Tanzania has consistently been rated as the top safari destination in the world. Specifically, northern Tanzania offers the famed Serengeti National Park and Ngorongoro Crater. The location of these parks makes it possible to include both a Kilimanjaro/Meru climb with a safari. In fact, Tarangire, Lake Manyara, Arusha National Parks along with Ngorongoro Conservation Area are close enough to Moshi/Arusha that a safari day trip is possible. Most often, at least a three day safari is recommended to enjoy several of these destinations. If you desire to visit the Serengeti, a minimum of four days is best. Accommodations range anywhere from basic camping to top quality luxury safari lodges. Contact us with your interests and we can help you construct the ideal itinerary for you.
You might have heard the name, or watched a documentary on National Geographic, but to experience it is an experience of a lifetime. The Serengeti National Park is one of the most incredible places on the planet. What you might have seen on television or read in a book cannot do justice to the actual experience. It is just out of this world. This is the largest of Tanzania's national parks, measuring 14 763 sq. km-s. The park name is derived from a Maasai word meaning ««endless plains» and houses the largest concentration of wildlife in the world.

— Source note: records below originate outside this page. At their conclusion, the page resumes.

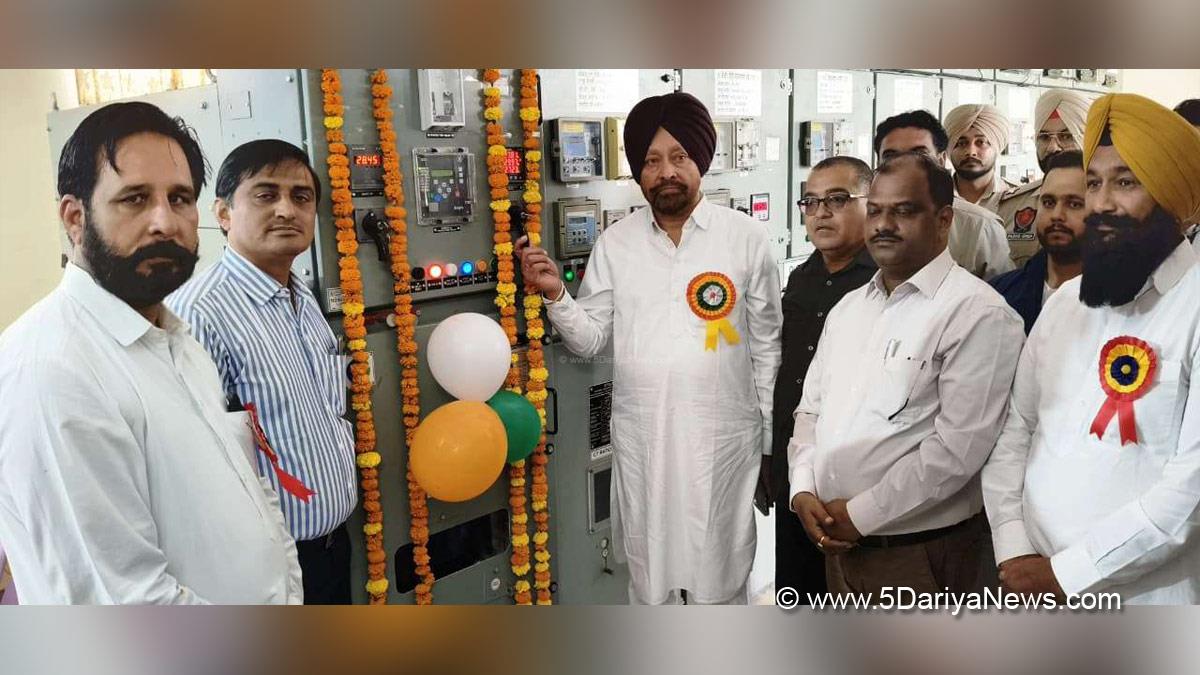 Jagdeep Singh, Jagdeep Singh Kaka Brar, Kaka Brar, Sri Muktsar Sahib, AAP, Aam Aadmi Party, Aam Aadmi Party Punjab, AAP Punjab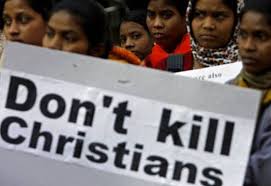 Христиан преследуют в 130 странах мира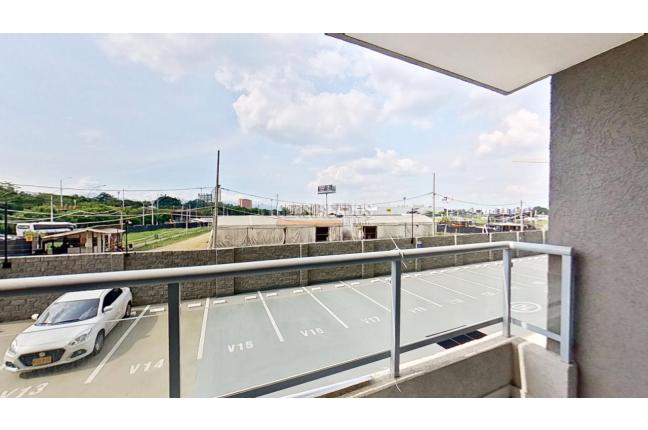 Apartamentos, Venta en Valle del Lili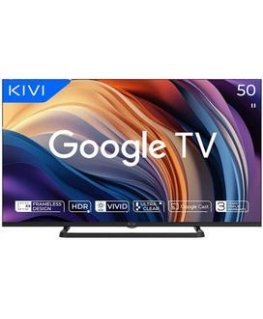 FPD 50 G900 TV – 4K LED Google TV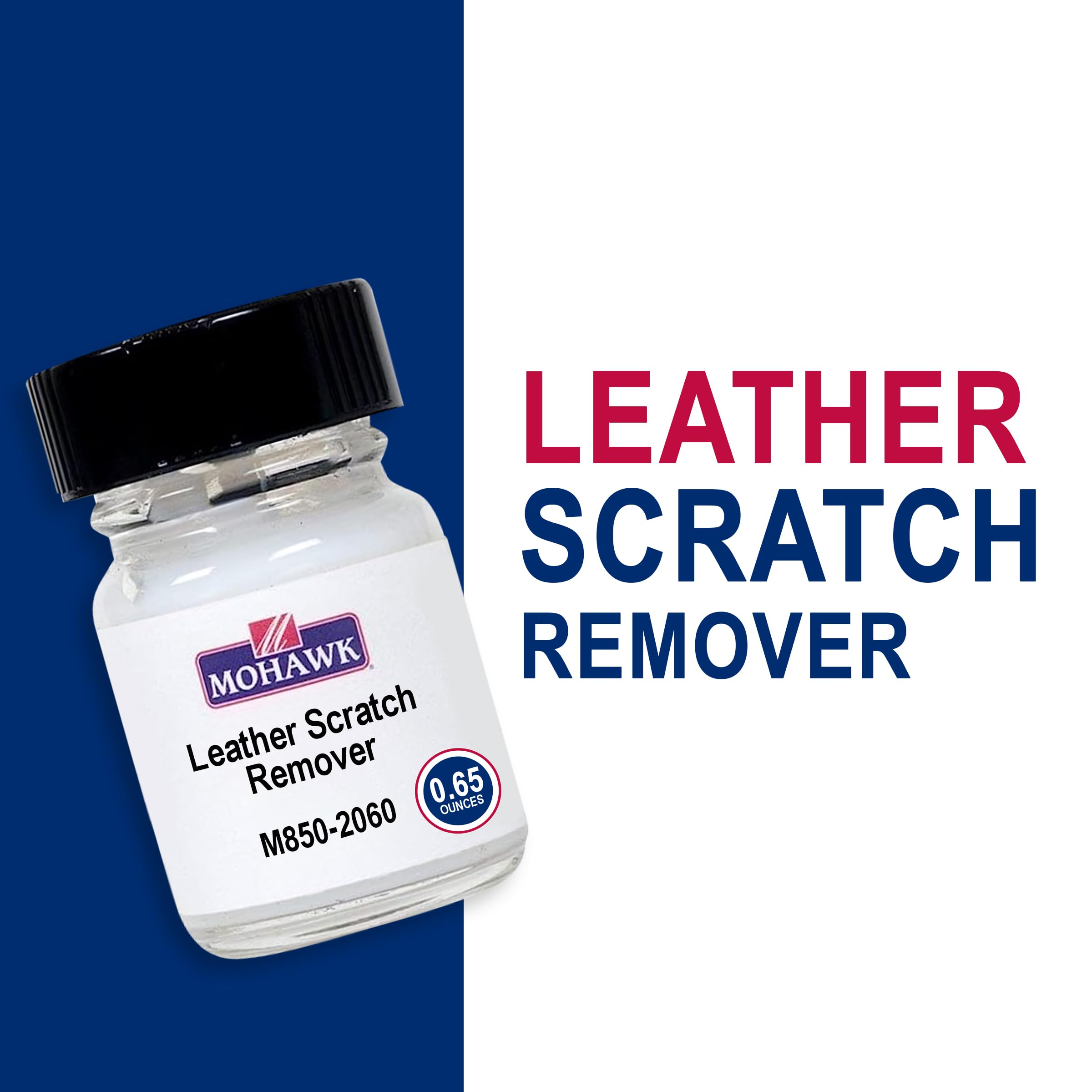 Mohawk Finishing Products Scratch Remover For Leather Repair, .50-Oz Bottle, M850-2060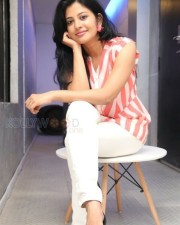 Actress Sshivada Nair Photoshoot Stills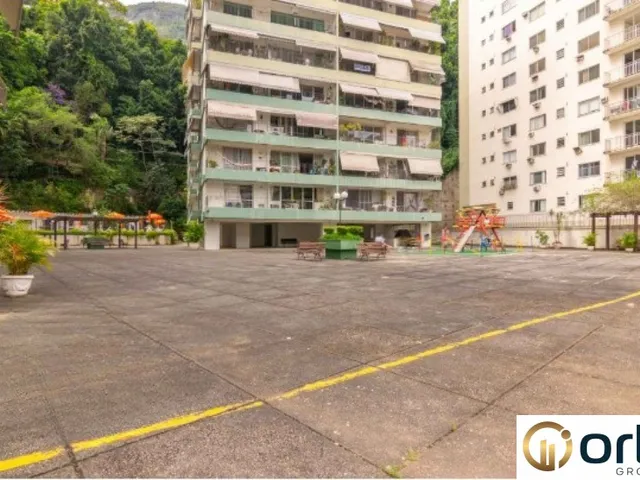 Imagem 7: Apartamento em leilão à venda na Tijuca, Rio de Janeiro - RJ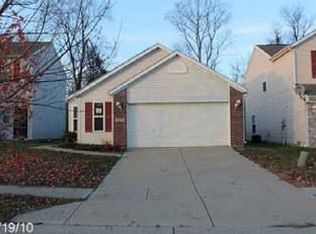 2820 W 75th St, Indianapolis, IN 46268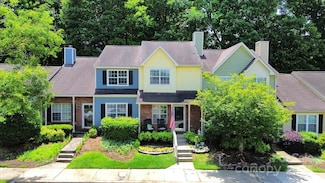 9216 Four Mile Creek Rd, Charlotte, NC 28277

The Serengeti is renowned for the huge concentrations of wildebeest and zebra. Approximately 1 500 000 wildebeest and 250 000 zebra migrate annually in a circular pattern between the Serengeti National Park's Western Corridor and Kenya's Maasai Mara Game Reserve. Contrary to belief, the migration of these animals is a continuous affair with stopover points along the way. These migration trends are dependent on the rains.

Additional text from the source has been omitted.